Kelly chief executive Carl Camden downplays the idea that employers will shed health coverage liabilities by using staffing companies. He sees clients' adjustment to the health act as "a modest opportunity" for his company.
"There is a portion of the staffing industry who think there will be a large amount of companies trying to avoid obligations under the ACA and trying to shift over to staffing firms," Camden said in an interview. "I don't see that as happening."
Manpower and Robert Half declined to make officials available for interviews.
The bigger business may be helping companies navigate the law through consulting or by taking over temporary jobs they already have, Camden and other industry officials say.
"We expect that clients that have those kinds of workers and who are daunted by the complexity of the Affordable Care Act will look to staffing firms to help them manage those kinds of workers," said Edward A. Lenz, senior counsel for the American Staffing Association, a temp company trade group.
Staffing company share prices have shot up, partly in response to the recovering economy and partly because of hopes for a surge in Affordable Care Act business, industry analysts say.

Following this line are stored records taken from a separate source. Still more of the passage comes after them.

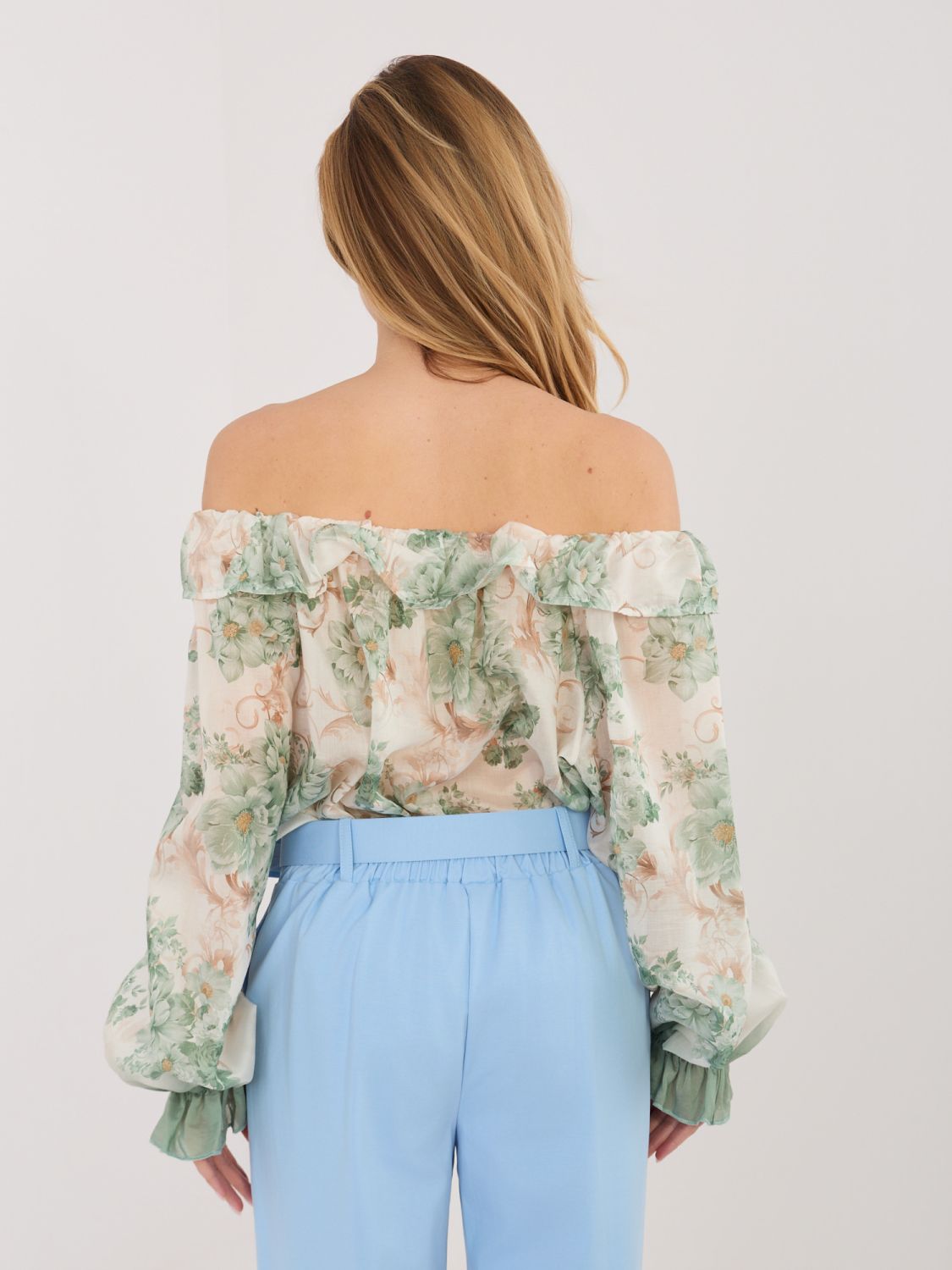 Blusa verde con fantasia floreale e scollo a spalle scoperte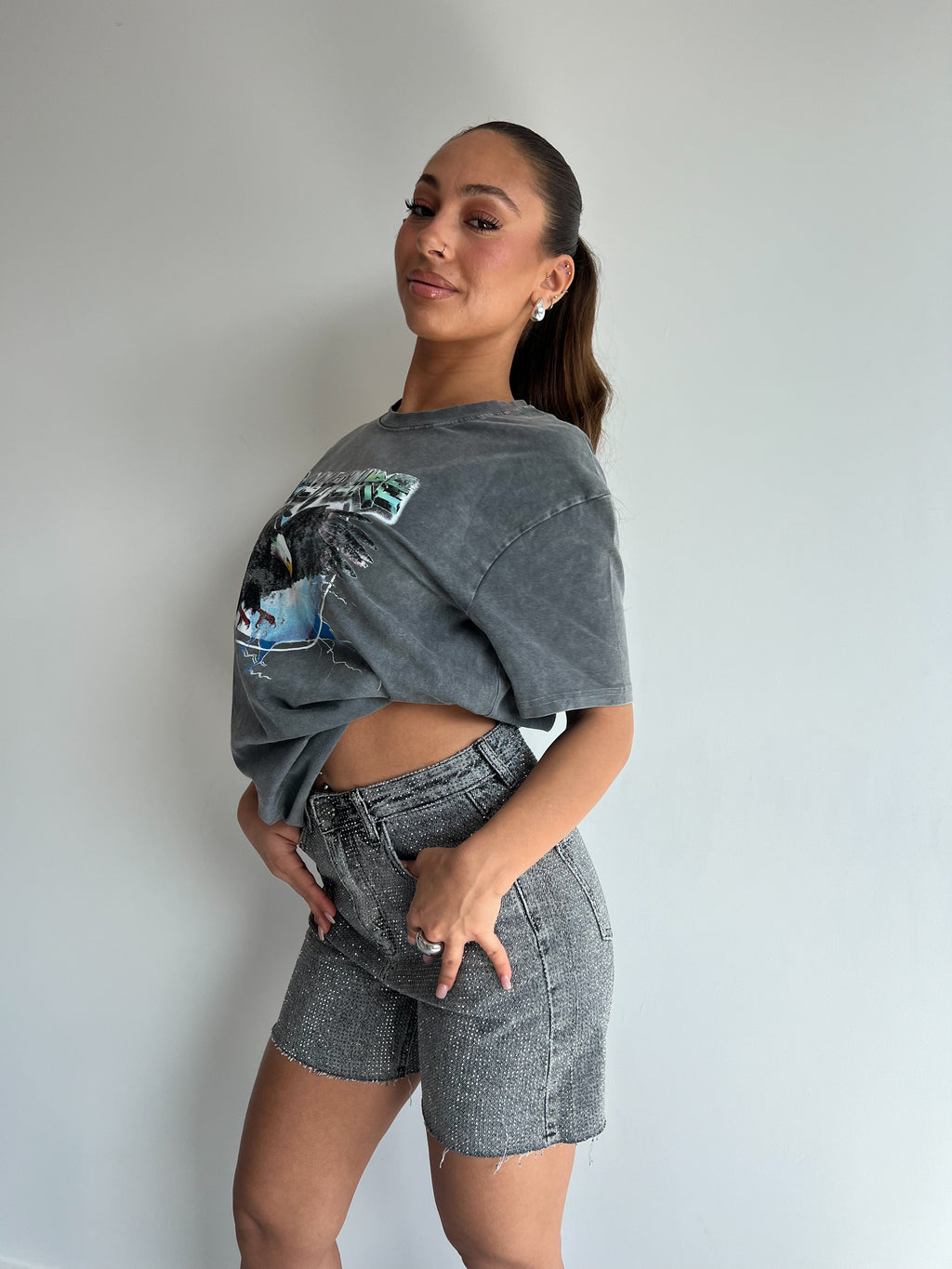 ALL OVER STRETCH RHINESTONE SHORT GREY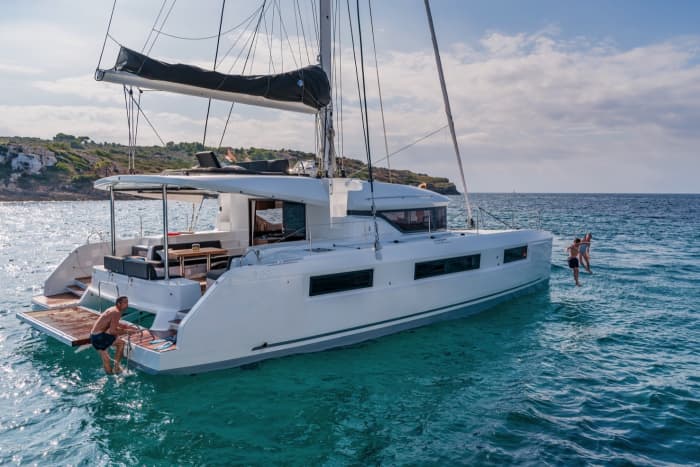 Traccia la rotta verso la gioia: un'intera giornata di autentica navigazione a vela a Saint George's a bordo di un catamarano.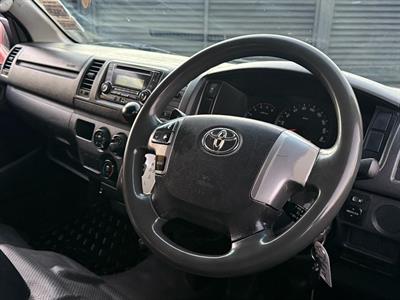 2017 Toyota Hiace - Thumbnail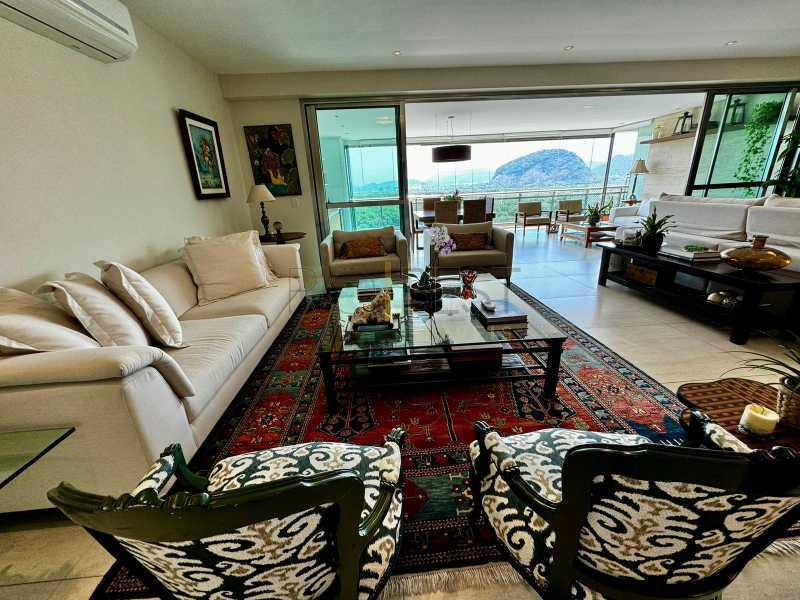 Conheça 8179a79c-091a-4524-97ee-15510b do imóvel - Barra Península- Saint Barth 4 suites Lindo apartamento com vista espetacular para Lagoa. - BTAP40102 - 2 8179a79c-091a-4524-97ee-15510b - 2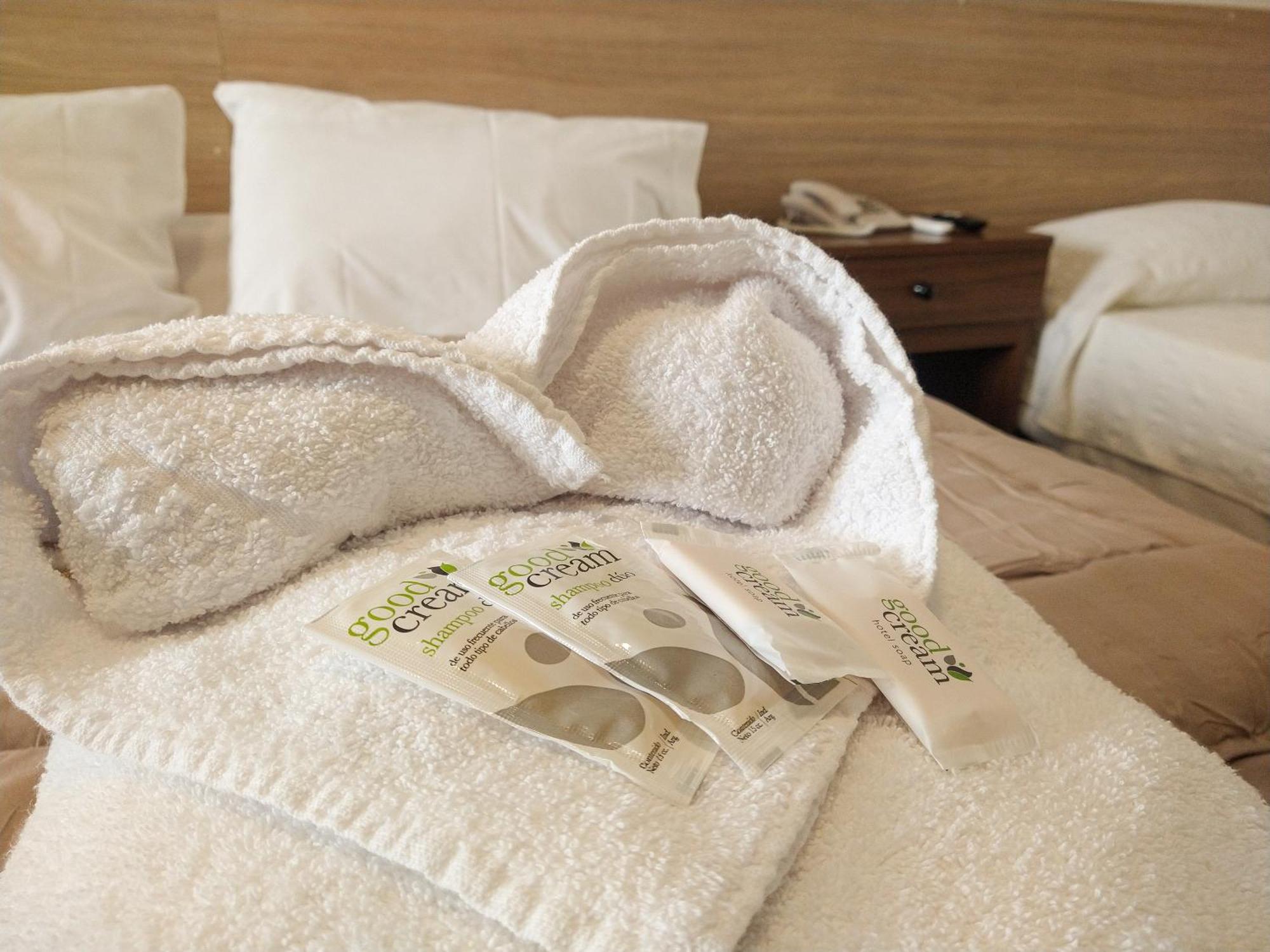 Gs Hotel Salta Bagian luar foto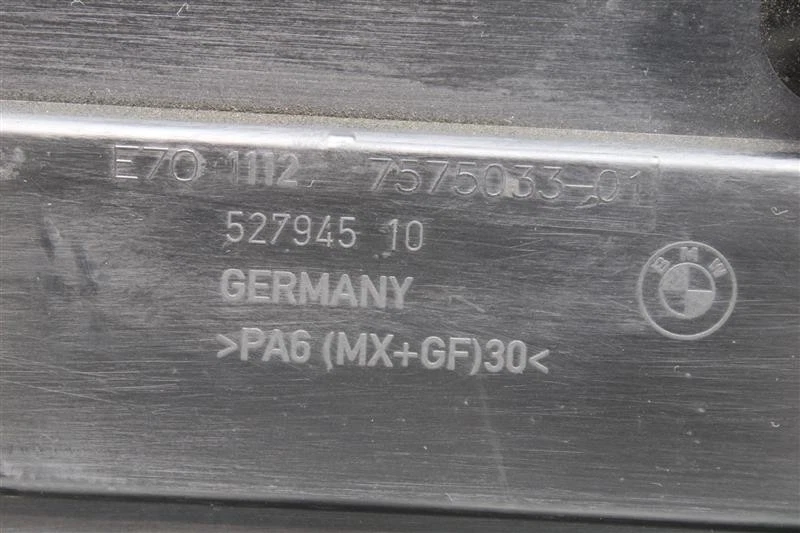 PLASTIC ENGINE COVER BMW 328i 2009 09 1095208 — 第 3/4 张图片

Manpower has risen by half since November while Kelly, Randstad and Robert Half are all up more than 35 percent, far more than the market as a whole.
A few years ago, when Massachusetts implemented its own requirement that companies provide health coverage to full-time workers, temp jobs increased six times faster than in the country as a whole, said Jeffrey Silber, who follows staffing company stocks for BMO Capital Markets.